┌─ Given information

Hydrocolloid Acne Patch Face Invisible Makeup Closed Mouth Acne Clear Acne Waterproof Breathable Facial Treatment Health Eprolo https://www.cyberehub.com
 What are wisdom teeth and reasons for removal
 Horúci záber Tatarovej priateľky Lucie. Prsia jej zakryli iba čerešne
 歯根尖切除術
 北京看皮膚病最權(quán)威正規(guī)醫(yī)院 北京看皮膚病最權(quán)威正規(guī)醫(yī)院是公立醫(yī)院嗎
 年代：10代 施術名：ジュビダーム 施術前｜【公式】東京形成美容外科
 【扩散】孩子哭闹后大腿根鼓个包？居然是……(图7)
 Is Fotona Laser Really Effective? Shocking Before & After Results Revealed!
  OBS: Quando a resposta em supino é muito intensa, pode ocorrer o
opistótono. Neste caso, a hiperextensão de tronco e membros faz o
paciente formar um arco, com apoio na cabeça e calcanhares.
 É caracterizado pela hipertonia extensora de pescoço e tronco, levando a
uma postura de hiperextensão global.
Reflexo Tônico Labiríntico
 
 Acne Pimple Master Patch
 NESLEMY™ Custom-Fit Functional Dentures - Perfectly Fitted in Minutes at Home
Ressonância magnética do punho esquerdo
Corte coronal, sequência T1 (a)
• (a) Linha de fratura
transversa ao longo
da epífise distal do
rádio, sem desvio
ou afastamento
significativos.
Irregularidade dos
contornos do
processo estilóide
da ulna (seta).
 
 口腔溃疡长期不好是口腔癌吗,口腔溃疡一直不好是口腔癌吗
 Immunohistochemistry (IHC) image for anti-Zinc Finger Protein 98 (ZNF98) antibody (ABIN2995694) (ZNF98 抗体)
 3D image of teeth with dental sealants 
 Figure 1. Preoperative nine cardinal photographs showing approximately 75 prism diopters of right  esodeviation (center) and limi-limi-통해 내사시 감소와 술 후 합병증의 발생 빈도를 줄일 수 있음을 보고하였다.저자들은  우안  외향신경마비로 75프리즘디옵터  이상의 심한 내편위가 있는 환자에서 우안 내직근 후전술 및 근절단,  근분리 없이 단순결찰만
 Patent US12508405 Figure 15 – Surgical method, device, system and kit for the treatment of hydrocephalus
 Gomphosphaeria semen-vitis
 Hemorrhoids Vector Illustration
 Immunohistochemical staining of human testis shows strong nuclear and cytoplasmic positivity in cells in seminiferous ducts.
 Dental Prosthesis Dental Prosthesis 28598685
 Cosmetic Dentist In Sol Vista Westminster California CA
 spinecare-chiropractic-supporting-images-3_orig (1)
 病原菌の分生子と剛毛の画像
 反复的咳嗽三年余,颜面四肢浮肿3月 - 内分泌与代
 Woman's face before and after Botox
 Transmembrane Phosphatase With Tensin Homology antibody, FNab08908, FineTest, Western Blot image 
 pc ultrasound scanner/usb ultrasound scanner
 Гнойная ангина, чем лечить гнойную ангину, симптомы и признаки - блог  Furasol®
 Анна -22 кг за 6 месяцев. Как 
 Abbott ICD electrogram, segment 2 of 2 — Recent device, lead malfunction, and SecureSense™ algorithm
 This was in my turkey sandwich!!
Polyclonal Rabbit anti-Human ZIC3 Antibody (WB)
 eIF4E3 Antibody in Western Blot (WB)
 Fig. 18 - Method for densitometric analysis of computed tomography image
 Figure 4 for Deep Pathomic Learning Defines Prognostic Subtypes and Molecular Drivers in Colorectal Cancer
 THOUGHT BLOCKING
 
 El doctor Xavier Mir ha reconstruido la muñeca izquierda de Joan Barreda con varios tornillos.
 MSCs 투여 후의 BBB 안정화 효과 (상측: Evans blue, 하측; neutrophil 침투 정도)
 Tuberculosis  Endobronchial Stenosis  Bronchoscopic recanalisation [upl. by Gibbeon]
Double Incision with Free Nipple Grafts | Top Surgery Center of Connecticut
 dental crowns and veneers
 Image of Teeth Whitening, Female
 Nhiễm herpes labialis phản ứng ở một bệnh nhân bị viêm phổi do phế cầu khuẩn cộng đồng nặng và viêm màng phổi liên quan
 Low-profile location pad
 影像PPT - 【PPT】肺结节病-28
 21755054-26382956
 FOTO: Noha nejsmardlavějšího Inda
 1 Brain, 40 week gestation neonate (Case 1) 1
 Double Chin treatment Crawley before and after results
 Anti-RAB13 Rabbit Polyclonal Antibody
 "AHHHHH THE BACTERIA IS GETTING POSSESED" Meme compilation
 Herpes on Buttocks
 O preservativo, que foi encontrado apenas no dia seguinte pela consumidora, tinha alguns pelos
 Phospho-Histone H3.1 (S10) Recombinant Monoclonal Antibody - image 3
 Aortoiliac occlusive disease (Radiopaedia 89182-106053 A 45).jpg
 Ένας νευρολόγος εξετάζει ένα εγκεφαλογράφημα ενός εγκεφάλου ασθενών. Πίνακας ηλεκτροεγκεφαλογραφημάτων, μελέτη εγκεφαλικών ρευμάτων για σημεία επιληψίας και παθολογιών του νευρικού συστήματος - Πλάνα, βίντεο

└─

Show all lines above containing "Western".

Response area:
 Transmembrane Phosphatase With Tensin Homology antibody, FNab08908, FineTest, Western Blot image 
 eIF4E3 Antibody in Western Blot (WB)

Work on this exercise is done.